Myslalam, ze pierdzielne:P Stanelo na tym, ze wredna jestem, bo on mial ciezki tydzien i myslal, ze jak do mnie zadzwoni, to ja mu bede wspolczuc... A tu dupa:P Nio i przez 10 minut mnie namawial zebym przyjechala na piwko.. To raptem pol godziny (bardzo szybkiej) jazdy samochodem...
- Dobra, ide do domu, bo pomysla, ze jakis dziwny, na parkingu w samochodzie siedzi...
- To idz
- Mam tu pare kolezanek, ktore na pewno beda mi wspolczuc.
- No to powodzenia;)
Mam metlik w glowie... A wczorajsze spotkanie z Wojownikiem mi nieczego nie ulatwilo...
Mialam mieszane uczucia.

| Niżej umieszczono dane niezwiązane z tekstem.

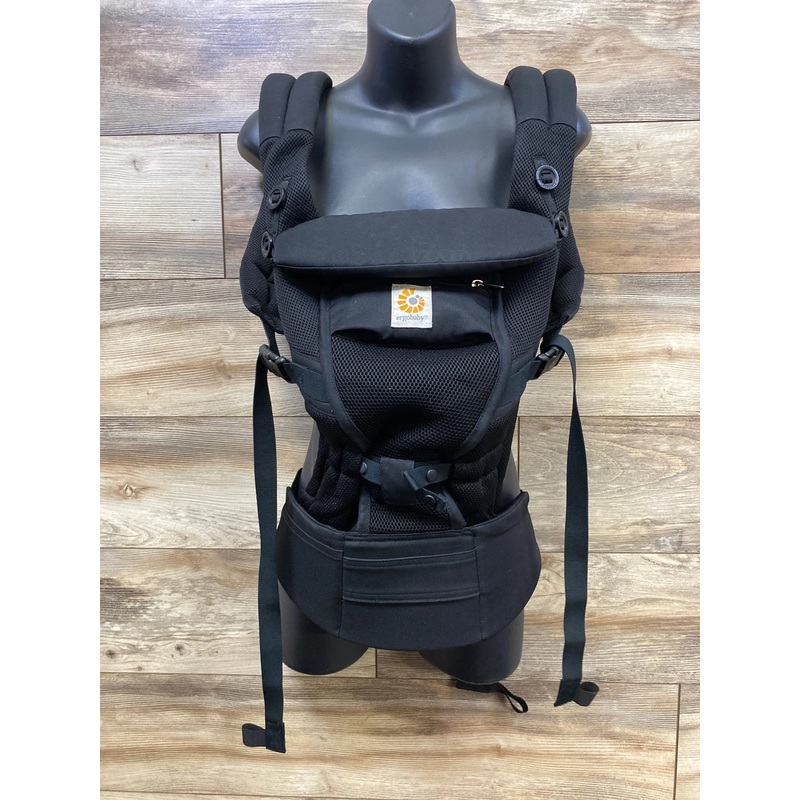 Ergobaby Adapt Baby Carrier Cool Air Mesh in Onyx Black 7-45lbs.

Poczawszy od oczekiwania na spotkanie, przez radosc, zdziwienie, radosc, euforie, pozadanie, skonczywszy na smutku i zalu...
- Ja dzis pozostane bierny
- Dlaczego?
- Bo jestem chory
- Dla mnie to nie jest usprawiedliwienie.
- To ja pojde teraz pod prysznic, a potem oczekauje obiecanego masazu i lekarstwa na przeziebienie. I mam ochote na frytki i piwo...
- Masz piec minut.
(wrocil po 8 i pol)
- Spozniles sie. Teraz ja bede bierna.
Grzane wino przygotowane przez niego zaczelo wibrowac w glowie... I oboje pozostalismy bierni. Lezac przytuleni do siebie. Do czasu... Zauwazylam, ze on nie zamyka oczu... Patrzyl caly czas na mnie...
- Dobrze sie czujesz?
- Yhm
- Zimno ci?
- Yhm
- Moze sie przykryjemy?
- Nie, bo wtedy usne.
To byl pierwszy raz, kiedy w pokoju panowala kompletna cisza i zapalone bylo swiatlo... Enya cos tam spiewala, ale plyta juz dawno sie skonczyla...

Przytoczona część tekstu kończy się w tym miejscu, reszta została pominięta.